The CEO of energy giant BP has told The Northern Echo the company will be working with schools and universities to make sure the right skills are in place for a game-changing green revolution on Teesside.

Two major projects spearheaded by BP are being established in the area, the carbon capture, utilisation and storage plant Net Zero Teesside Power, and H2 Teesside, the energy firm’s plan to create a hydrogen production facility.

Talking to The Northern Echo just a few hundred yards from the former SSI blast furnace on the vast Teesworks site CEO Bernard Looney said there was an enormous sense of opportunity for the region.

“When you look for a place to invest, one of the first things you need is for a community and the local government to be behind your plans. There is leadership and vision here and a confluence of events in a country that is BP’s home and where we feel a responsibilIty to help. All of the conditions are here - the people, the industries and the emissions - that can help us create something very different.”

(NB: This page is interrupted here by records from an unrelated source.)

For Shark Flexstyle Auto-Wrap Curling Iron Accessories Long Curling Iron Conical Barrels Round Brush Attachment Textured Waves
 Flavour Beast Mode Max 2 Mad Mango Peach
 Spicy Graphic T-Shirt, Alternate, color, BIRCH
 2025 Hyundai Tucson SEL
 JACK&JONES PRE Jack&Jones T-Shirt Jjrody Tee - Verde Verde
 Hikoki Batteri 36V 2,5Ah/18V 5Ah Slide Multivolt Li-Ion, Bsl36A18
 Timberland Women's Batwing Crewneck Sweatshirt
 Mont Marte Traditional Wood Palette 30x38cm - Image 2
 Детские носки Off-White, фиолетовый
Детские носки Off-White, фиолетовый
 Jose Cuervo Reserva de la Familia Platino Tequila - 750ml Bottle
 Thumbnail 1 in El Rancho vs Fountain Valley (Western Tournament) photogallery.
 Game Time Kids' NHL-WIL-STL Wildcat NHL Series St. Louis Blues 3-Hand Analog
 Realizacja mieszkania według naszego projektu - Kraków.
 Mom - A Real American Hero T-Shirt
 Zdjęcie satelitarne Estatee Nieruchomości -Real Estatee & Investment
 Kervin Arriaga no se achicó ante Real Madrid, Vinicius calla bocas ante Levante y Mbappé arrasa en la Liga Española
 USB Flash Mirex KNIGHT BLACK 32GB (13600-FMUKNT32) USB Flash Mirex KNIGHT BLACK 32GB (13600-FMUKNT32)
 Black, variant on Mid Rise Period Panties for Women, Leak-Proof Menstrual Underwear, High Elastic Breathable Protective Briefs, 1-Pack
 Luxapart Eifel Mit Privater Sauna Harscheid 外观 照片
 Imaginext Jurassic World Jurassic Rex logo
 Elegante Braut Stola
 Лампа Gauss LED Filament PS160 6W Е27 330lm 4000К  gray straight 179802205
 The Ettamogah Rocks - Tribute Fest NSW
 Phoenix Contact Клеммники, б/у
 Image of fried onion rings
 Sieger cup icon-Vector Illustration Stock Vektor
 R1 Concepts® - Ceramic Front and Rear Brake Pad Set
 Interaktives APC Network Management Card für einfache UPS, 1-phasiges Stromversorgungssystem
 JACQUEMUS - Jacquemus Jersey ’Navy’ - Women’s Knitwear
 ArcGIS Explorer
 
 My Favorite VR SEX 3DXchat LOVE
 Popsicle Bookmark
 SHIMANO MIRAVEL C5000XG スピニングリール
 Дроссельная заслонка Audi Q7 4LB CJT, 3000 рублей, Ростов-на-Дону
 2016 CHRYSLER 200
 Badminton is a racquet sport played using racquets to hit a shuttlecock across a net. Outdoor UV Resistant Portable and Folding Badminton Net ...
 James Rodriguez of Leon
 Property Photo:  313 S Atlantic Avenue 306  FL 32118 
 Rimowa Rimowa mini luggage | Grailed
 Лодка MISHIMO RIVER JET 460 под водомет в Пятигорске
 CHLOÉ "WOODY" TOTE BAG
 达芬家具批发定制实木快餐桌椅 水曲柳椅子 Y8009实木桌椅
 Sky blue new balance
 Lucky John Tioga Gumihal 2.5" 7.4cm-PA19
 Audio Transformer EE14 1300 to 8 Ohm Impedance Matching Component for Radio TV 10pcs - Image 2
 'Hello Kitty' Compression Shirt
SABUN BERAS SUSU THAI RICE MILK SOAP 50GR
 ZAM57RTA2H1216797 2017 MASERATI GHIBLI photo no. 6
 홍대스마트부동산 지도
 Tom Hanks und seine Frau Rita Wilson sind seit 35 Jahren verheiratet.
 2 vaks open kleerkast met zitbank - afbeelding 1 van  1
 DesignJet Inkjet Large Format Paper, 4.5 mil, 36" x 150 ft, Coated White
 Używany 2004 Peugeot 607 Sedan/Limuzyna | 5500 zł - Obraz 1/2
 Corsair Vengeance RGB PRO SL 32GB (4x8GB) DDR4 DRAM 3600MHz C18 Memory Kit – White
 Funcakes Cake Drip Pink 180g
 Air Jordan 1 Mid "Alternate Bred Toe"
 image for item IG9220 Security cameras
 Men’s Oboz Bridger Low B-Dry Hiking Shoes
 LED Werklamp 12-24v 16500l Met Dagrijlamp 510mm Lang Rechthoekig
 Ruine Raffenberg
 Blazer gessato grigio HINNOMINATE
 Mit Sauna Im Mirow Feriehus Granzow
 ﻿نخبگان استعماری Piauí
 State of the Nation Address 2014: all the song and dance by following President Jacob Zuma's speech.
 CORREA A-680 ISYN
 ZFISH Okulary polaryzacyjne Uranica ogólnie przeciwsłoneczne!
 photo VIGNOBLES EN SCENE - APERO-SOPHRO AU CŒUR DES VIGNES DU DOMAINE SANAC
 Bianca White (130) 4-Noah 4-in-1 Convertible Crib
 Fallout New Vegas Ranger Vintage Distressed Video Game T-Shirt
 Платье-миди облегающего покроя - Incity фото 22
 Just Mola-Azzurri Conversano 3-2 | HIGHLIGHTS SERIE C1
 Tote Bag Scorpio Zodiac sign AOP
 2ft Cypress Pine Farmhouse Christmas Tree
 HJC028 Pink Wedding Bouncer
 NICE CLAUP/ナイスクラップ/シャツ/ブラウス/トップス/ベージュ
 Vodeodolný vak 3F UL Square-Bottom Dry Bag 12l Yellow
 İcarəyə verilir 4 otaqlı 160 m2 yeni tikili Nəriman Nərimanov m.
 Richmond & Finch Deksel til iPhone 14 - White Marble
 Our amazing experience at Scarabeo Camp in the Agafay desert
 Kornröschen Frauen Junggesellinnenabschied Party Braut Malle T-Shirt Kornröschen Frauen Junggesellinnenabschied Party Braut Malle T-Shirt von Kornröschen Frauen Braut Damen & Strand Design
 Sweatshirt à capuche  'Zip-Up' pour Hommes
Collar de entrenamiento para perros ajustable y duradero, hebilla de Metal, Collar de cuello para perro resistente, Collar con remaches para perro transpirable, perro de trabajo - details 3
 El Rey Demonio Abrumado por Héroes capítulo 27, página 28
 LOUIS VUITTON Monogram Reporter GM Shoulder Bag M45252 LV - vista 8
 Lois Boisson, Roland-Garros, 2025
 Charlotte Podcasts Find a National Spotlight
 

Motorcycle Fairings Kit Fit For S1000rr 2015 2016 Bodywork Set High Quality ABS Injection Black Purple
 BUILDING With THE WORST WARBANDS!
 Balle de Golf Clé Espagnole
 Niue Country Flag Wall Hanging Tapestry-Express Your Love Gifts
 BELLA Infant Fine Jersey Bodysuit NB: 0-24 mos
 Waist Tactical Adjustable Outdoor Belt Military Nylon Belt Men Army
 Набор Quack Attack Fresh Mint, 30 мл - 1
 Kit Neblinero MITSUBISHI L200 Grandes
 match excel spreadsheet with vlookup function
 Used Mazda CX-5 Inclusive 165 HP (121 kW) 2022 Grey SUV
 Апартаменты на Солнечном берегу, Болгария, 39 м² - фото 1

One of the key goals of the whole Teesside revolution is the long-term pipeline of skills and jobs to fit the industries that seem to be queueing up to come here. For Mr Looney this was a theme close to his heart, as a man “made by education” who grew up in County Kerry and was the first in his family to go to university.

He said: “Everyone I speak to loves living here, but they worry about jobs for themselves and for their kids, so what if we could make the jobs that are here more sustainable by dealing with emissions and then create a new industry with new jobs.

“I grew up on a small farm and would still be there now if it were not for education, so we will be doing everything we can - working with universities and schools - to make sure the people here are developing the right skills.

“I think if someone wants to stay in this beautiful part of the world, then our job is to make sure they have the conditions and the employment opportunities that allow that.”

Tees Valley Mayor Ben Houchen - whose performance and vision has been a key factor in the region’s resurgence - told The Northern Echo: “I want Teesside to become synonymous with Net Zero in the same way as Silicon Valley is with IT and social media., and if you have the right investment now that means that if you want a job fighting climate change, you are going to think ‘I need to move to Teesside’.

“The reason why we are so far ahead of many places in the world is something we have had for decades - the infrastructure from the former ICI operation with all its utilities and pipework.

“So what we are achieving today is on the backs of generations of Teessiders who have allowed us to get to the place where the future is going to be clean, green and profitable.”

Redcar MP Jacob Young added: “Today we have BP and recently we had GE, both talking about new investments that will create many more jobs than were lost.

“The site has also had well over £200million from the Government over the last few years because they are using Teesside as the perfect example of how to level up the country.”